Preserve Your Produce: Learn The Art of Food Storage

Growing your produce is certainly an important part of establishing your homestead. But as soon as you dive into this world, you’ll have to face a challenge: nature’s seasonality. This means that your grounds can be extremely fertile in the summer but not in the winter, and that you may have shortages of food and supplies in certain seasons. 

As you are still learning about growing your own food, you may consider topping up your supplies at the grocery store. However, as you make your way toward self-sufficiency, food storage techniques like canning, freezing, dehydration, and fermentation will become your best friends!

Expand Your Livable Space With Garages and Shelters

Depending on the size of your property, you may need to optimize your livable space with high-quality, ad hoc garages and shelters. Custom Steel Buildings & Garages are a great option to provide shelter to animals and tools, enlarge your workshops, and even store food and water in the long term. Working with a specialist can help you better understand your needs and the types of buildings you can build on your land. 

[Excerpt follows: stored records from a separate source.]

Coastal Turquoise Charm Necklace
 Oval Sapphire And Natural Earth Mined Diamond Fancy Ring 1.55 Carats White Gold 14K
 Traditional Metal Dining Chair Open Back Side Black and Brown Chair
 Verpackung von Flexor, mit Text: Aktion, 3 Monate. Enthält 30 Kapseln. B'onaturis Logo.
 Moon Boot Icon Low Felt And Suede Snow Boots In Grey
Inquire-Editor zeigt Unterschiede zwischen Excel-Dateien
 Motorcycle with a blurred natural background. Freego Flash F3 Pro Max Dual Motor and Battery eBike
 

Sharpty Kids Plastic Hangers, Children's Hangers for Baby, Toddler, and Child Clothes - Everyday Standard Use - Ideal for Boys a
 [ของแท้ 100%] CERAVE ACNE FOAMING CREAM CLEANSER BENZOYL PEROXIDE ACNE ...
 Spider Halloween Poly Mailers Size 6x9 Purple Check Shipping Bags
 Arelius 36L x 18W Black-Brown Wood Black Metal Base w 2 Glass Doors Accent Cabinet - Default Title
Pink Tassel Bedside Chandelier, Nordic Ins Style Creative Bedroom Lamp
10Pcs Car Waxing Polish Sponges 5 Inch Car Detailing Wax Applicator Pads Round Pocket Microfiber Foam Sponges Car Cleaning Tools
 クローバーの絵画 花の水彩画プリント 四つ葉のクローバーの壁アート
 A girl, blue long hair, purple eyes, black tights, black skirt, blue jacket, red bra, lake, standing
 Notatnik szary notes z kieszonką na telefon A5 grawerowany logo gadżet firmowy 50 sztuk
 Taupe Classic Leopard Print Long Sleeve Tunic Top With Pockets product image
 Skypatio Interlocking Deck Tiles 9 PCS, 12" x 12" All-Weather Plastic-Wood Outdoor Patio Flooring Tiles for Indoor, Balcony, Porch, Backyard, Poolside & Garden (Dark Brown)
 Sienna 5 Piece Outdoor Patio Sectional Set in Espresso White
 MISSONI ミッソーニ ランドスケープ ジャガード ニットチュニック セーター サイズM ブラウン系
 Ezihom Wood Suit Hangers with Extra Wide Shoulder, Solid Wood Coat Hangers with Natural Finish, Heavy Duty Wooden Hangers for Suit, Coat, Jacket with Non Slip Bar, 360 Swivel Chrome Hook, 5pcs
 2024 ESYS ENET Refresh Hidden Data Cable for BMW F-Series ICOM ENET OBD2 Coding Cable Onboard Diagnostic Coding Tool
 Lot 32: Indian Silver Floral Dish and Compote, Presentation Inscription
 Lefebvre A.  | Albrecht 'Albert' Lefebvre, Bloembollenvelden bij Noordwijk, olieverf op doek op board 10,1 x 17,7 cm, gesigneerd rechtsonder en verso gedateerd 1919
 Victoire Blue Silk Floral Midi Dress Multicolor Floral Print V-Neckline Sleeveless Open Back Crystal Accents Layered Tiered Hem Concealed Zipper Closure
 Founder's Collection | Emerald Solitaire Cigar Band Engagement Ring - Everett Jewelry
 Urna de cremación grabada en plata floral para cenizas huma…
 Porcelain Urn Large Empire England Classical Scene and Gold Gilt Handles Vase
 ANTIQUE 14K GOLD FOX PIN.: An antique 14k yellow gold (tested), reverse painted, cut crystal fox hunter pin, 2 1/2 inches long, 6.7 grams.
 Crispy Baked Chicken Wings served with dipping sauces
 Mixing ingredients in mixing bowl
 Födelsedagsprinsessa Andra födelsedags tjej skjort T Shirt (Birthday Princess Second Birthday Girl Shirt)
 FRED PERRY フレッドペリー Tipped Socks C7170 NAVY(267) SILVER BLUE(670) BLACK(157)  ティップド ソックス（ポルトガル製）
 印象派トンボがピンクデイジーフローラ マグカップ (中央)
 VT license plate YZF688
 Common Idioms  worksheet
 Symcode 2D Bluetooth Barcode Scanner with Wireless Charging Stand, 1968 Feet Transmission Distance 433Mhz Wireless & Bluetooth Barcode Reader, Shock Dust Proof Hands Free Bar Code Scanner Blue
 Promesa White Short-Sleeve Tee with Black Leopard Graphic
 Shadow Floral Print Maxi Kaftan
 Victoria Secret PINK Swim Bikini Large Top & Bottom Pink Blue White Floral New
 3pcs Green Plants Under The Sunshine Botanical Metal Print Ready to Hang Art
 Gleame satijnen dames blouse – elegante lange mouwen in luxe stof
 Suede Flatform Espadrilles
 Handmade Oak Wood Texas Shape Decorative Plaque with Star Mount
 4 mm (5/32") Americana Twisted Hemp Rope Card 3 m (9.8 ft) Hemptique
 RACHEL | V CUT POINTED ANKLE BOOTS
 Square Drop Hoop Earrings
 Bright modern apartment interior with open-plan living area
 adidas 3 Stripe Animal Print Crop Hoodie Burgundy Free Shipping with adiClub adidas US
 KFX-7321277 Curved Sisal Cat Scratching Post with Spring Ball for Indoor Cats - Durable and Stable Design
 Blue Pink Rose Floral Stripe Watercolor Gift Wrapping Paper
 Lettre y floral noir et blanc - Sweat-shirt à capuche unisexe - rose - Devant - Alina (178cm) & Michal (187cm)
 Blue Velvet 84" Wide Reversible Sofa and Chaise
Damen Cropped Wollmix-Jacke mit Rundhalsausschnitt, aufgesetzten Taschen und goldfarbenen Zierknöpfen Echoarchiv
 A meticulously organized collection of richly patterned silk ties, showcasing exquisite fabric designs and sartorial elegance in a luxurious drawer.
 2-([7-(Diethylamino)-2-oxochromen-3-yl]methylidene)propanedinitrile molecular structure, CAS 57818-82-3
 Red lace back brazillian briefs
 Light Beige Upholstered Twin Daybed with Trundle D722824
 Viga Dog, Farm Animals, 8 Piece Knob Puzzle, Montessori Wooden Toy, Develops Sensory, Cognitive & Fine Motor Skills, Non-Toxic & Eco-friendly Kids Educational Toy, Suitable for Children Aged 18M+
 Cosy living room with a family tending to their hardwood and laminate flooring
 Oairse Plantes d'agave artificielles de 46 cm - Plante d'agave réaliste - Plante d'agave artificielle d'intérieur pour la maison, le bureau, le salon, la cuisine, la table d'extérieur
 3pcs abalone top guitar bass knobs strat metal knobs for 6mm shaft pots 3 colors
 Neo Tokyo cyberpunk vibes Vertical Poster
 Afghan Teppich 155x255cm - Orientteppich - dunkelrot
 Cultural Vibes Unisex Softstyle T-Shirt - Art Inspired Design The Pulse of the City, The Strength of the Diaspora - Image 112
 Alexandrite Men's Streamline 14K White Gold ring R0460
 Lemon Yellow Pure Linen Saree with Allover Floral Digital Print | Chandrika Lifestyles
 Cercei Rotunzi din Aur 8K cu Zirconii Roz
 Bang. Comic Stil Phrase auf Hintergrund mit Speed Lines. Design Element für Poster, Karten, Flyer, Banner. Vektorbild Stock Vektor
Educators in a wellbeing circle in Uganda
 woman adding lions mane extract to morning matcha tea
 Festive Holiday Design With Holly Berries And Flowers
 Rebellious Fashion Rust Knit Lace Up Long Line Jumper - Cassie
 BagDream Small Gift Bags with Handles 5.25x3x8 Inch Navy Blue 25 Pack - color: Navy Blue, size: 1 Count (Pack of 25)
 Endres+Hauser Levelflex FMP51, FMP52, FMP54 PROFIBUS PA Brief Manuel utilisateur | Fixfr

Invest In Building Your Own Skills

There’s no hard-and-fast rule to success when it comes to homesteading, but investing in your own skills is something that will never be wrong. While any skill you may already have will be beneficial in your journey, there are some abilities that can be particularly helpful. 

These include:

  • Wilderness skills. Skills like lighting a fire, building shelter, finding food, navigation, and purifying water can help you feel a lot more confident in a natural environment. 
  • Providing first aid. Whether it is about your own safety or helping  someone else in distress, learning how to provide first aid to yourself and others is essential. 
  • Learn to produce crafts. Learning about and selling crafts such as beeswax candles, preserves, fermented foods and drinks, and natural dyes can help you build an additional income stream. 
  • Caring for farm animals. Even if you are not raising animals for food, you should learn about caring for farm animals. They provide essential company when running a homestead!

Starting Your Homesteading Adventure: Connect With the Homesteading Community

You are never alone on your homesteading journey! There’s a growing community out there—online and offline—ready to provide support and help. Plus, given how unique this adventure is, you are bound to make friends for life. 

Besides the homesteading community out there, don’t forget to make an effort to meet and get to know your neighbors, as well as local families and businesses. This simple tip helps you build an invaluable community and support network around you.